AKEVLER KUR'AN MEÂLİ
Süleyman Karagülle
4476 Okunma
KEVSER SURESİ MEALİ

 

108 - KEVSER SURESI

 

Rahman Rahim Allah’ın ismine

 

İnna : “Men” Türkçe’de “ben” demektir. Arapça’da “men” kimse demektir. Fransızca’da da “ben” demektir. “Ben” dudaklardan çıkan harfle başlıyor, “sen” ortadan çıkan harfle başlıyor, “ol” boğazdan çıkıyor. “B” ile “n” yerlerini değiştirmiş “neve” olmuş, ve “na” “biz” anlamına gelmiştir. Aslında Çinlilerin kullandıkları gibi çoğulu “nana” dir.  Arapça’da hala “nahnu” bu anlamada kullanılmaktadır. “Na” bir kelimeye eklendiği zaman kullanılır.

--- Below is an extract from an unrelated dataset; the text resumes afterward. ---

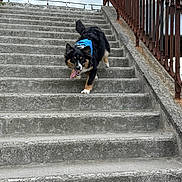 Vanïa participe au concours pour gagner de l'argent avec cette photo : animal, black_fur, blue_bandana, brown_fur, canine, concrete, daylight, dog, energetic, happy, metal, outdoor, pet, playful, railing, running, stairs, tongue, tongue_out, white_paws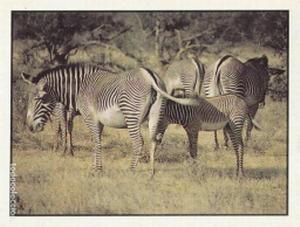1986 Panini Threatened Animals Stickers #7 Grevy's Zebra Front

Eğer bir kelimeye eklenmezse başına “in” gelir. Burada bu zamir doğrudan doğruya Allah’a gitmektedir. Çünkü Kur’an Allah’ın sözüdür. Söyleyenin Hz. Muhammed olmadığını ifade etmek için de “fesalli lena” denmesi gerekirken “li rabbike” denmiştir. Böylece “bu kitabı, bu sözleri ben söylüyorum ve ben de rabbinim” demiş olmaktadır.  Arapça’da fiil önce, fail sonra gelir. Önce fail gelirse artık fiil cümlesi değil de, isim cümlesi olur. O işin yalnız onun tarafından yapıldığını ifade eder. “Biz sana verdik, başkası vermedik” anlamı taşır.

 

A’tav : Bölüşmede birisine düşen pay demektir. Yahut bölenin kişilere verdiği parçalara denir. “A’ta” mastar olarak “almak”, “ita” mastar olarak “vermek”, “eta” mastar olarak “gelmek”, “ita” mastar olarak “vermek” demektir. “”I’ta”, karşılıksız vermek, “ita” ise daha çok karşılığında vermektir. Kişinin çıkarına veriyorsan “i’ta”, çıkar olsun olmasın “ita” kullanılır.

 

Ke : Burada muhatap başlangıçta Hz. Peygamberdir. Şimdi ise her mü’mindir. Mü’mine imanı nasip etmekle, Kur’an’ı ona vermekle “kevser”i vermiş olmaktadır. Bu nedenle, mazi fiili kullanmıştır. Bu sure geldiği zaman henüz peygambere ve mü’minlere herhangi bir kevser verilmemişti. Eğer sadece Peygamber muhatap olsaydı “nu’tike” denirdi. Kur’an Hz. Peygamberin hayatında lafız olarak tamamlanmıştır. Ancak ne manalar taşıdığı asırlarca sonra anlaşıldı. Şimdi asıl kevser bize verilmiştir. Çünkü bizden öncekilere nasıl kevser verildiğini biliyoruz. Birinci Kur’an Medeniyeti’ni kuranlar gayba inandılar. Biz ise şimdi İkinci Kur’an Medeniyeti’ni kurarken gördüklerimize bile inanamıyoruz.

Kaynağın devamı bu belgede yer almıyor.